Here is a list of all the postings Pero has made in our forums. Click on a thread name to jump to the thread.

Thread: why long holes are bent ?
14/07/2022 04:03:23

3.3 mm drills are reasonably flexible and will take the path of least resistance in a deep hole, i.e. relative to the diameter of the drill. The fact that the bend appears to occur at a specific location suggests that there may be a hard spot in the aluminium ( not an unusual occurrence ) at that point and the drill has deviated either enough to go around it or to the point where it will not bend further and forces its way through.

I suspect that someone will be along shortly to provide a formula for drill diameter, hole depth and flex in a uniform material but I don't think that is what is happening here.

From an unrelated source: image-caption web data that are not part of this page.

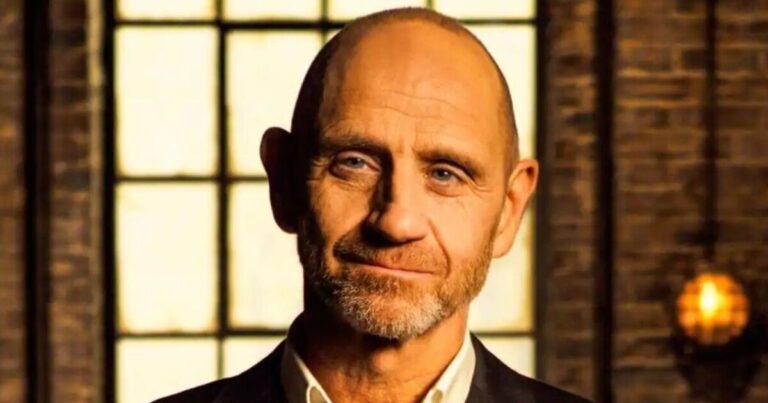 Dragons’ Den star Evan Davis' life with husband and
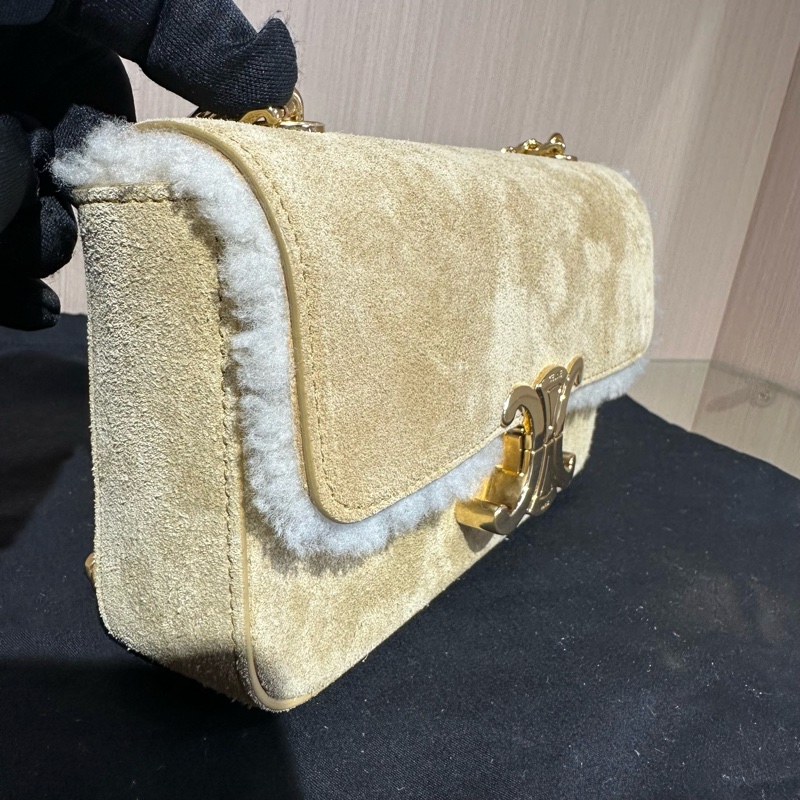 CELINE賽琳 T 凱旋門金扣天鵝絨小牛皮 單肩包 駝色-1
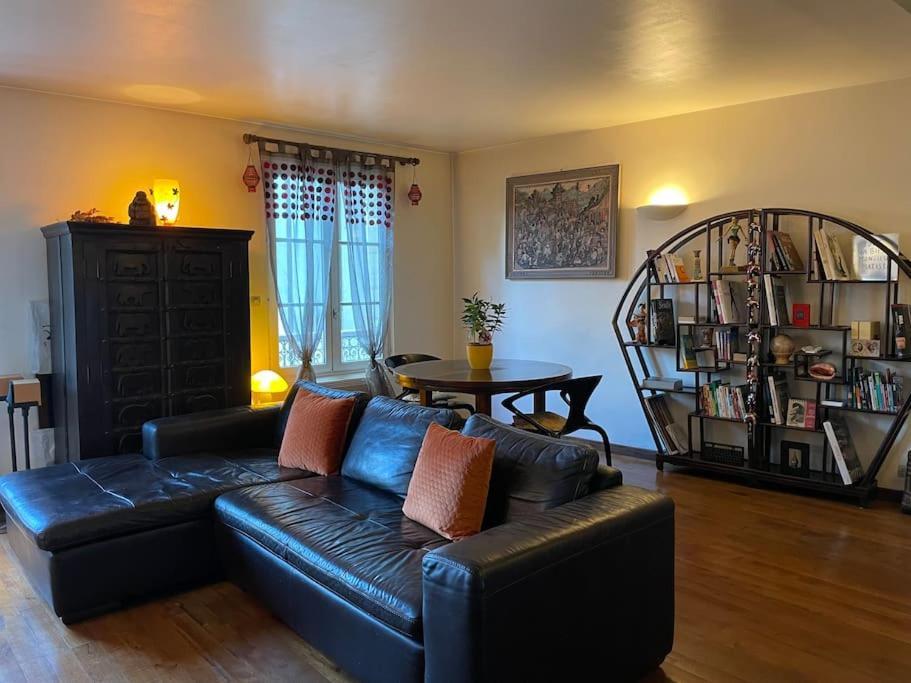 Appartement Sur Le Parvis De La Cathedrale Senlis  Esterno foto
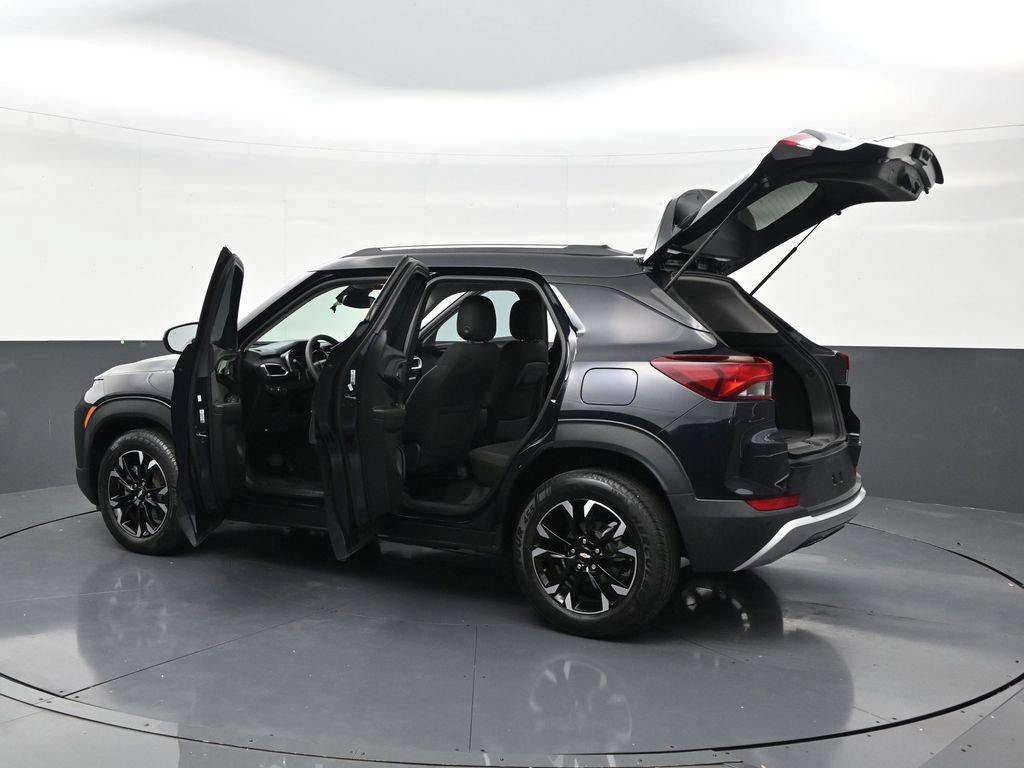 Used 2021 Chevrolet TrailBlazer LT w/ Convenience Package FWD image 32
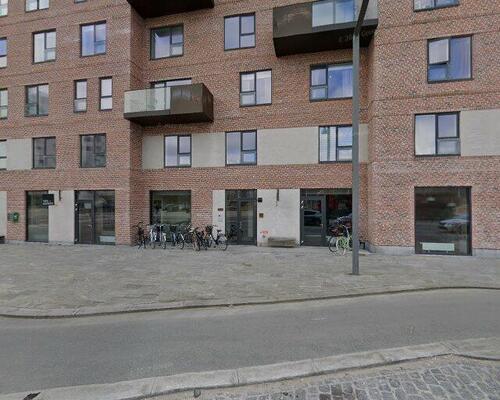 4 værelses lejlighed med sydvendt terrasse
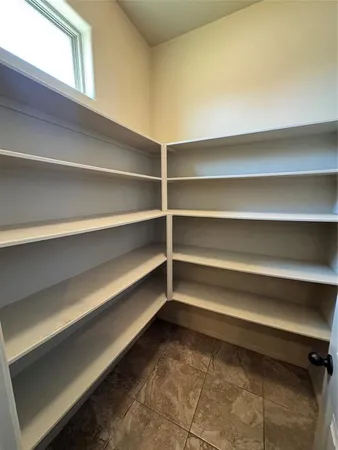 $2,000 | 1443 Lauren Lane, Granbury, TX 76048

Thread: For all you Myford owners
28/06/2022 05:06:18

What seems to being suggested ( I haven't watched the videos ) is that components are being produced in a number of small ( ? ) specialist workshops and then being brought together by Myfords for final assembly and testing.

This, as I understand it, is a similar model to that used by Cowells. I haven't heard too many complaints about Cowells machines and their quality and I certainly have no complaints about mine..

This production method seems to be the model used today in all multi component products ranging from motor cars to aircraft and rockets. The days of everything being done in-house seems to be a thing of the past. A pity in some ways but entirely sensible when you think about it, but quality control is always the overriding determinant.


Thread: Silver Solder Storage
13/06/2022 07:05:54

I use the conduit system but use a glued conduit end cap at one end for greater security. It is a pain if an unglued end cap ( or cork ) pops off and the whole lot ends up on the floor.

As conduits are available in a wide range of sizes ( for electricity, telecommunications, water and drainage ) and can be cut to any desired length they can be used to store a wide range of materials.

Also, if you glue a cap to each end and then cut the tube in half lengthways they can also be used for open storage (in a suitable rack ) for smaller material such as threaded rod and small section tubing. I have seen this idea described before but I am not quite sure when and where.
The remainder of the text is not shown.